On Linux, you will usually have GNU date, which lets you query for an arbitrary date with the -d option.
date -d '1970-04-01' +%j
The argument to -d can be a fairly free-form expression, including relative times like "3 weeks ago".
date -d "3 weeks ago" +%j
On BSD-like platforms, including MacOS, the mechanism for specifying a date to format is different.

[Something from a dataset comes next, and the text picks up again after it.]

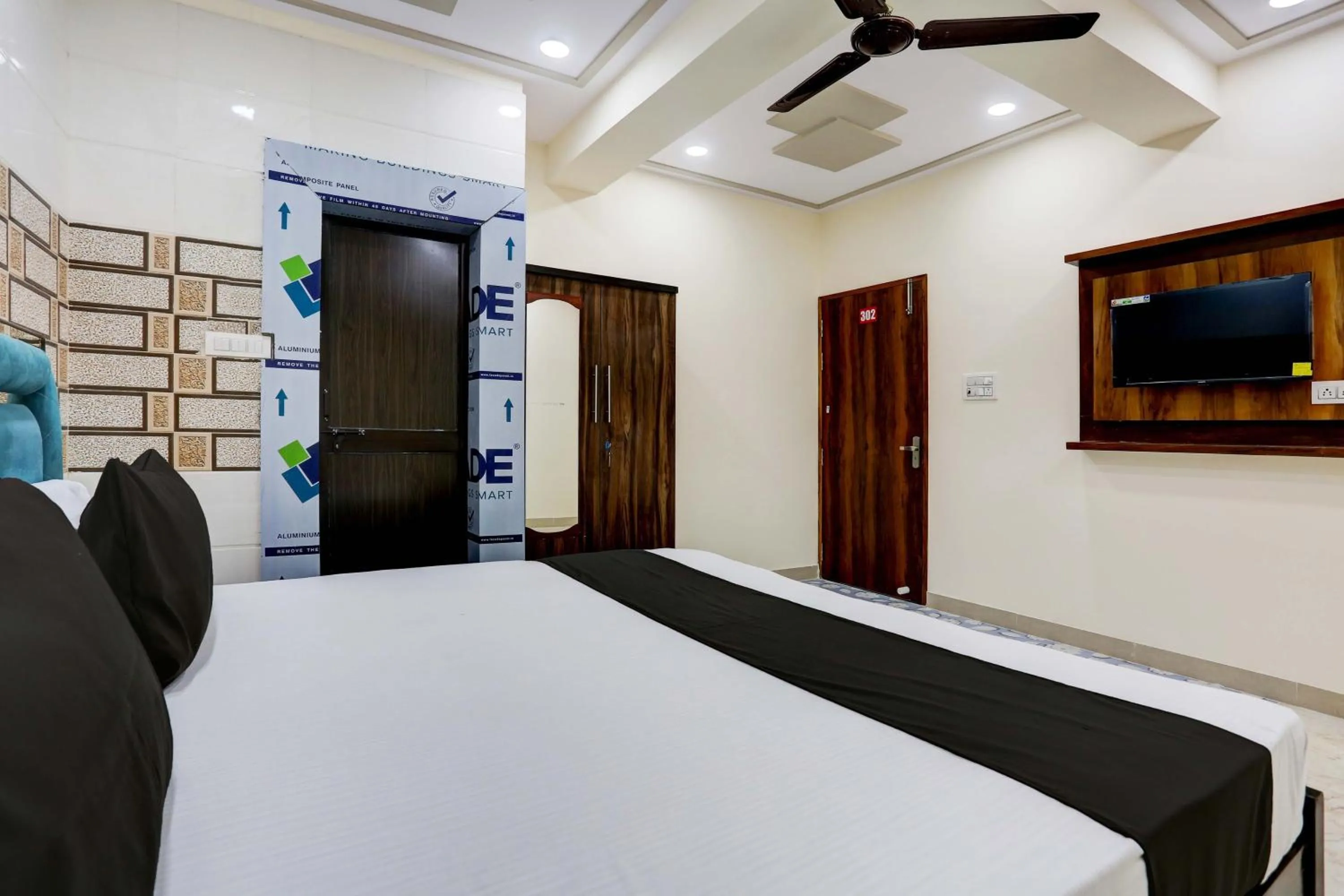 Bedroom, Bed in Hotel O M R Galaxy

You can ask it to format a date with -j and specify the date as an argument (not an option), and optionally specify how the string argument should be parsed with -f.
date -j 04010000 +%j
displays the day number for April 1st 00:00.
The string argument to specify which date to examine is rather weird, and requires the minutes to be specified, and then optionally allows you to prefix with ((month,) day, and) hour, and optionally allows year as a suffix (sic).
date -j -f "%Y-%m-%d" 1970-04-01 +%j
uses -f format date to pass in a date in a more standard format, and prints the day number of that.
There's also the -v option which allows you to specify relative times.
date -j -v -3w +%j
displays the day number of the date three weeks ago.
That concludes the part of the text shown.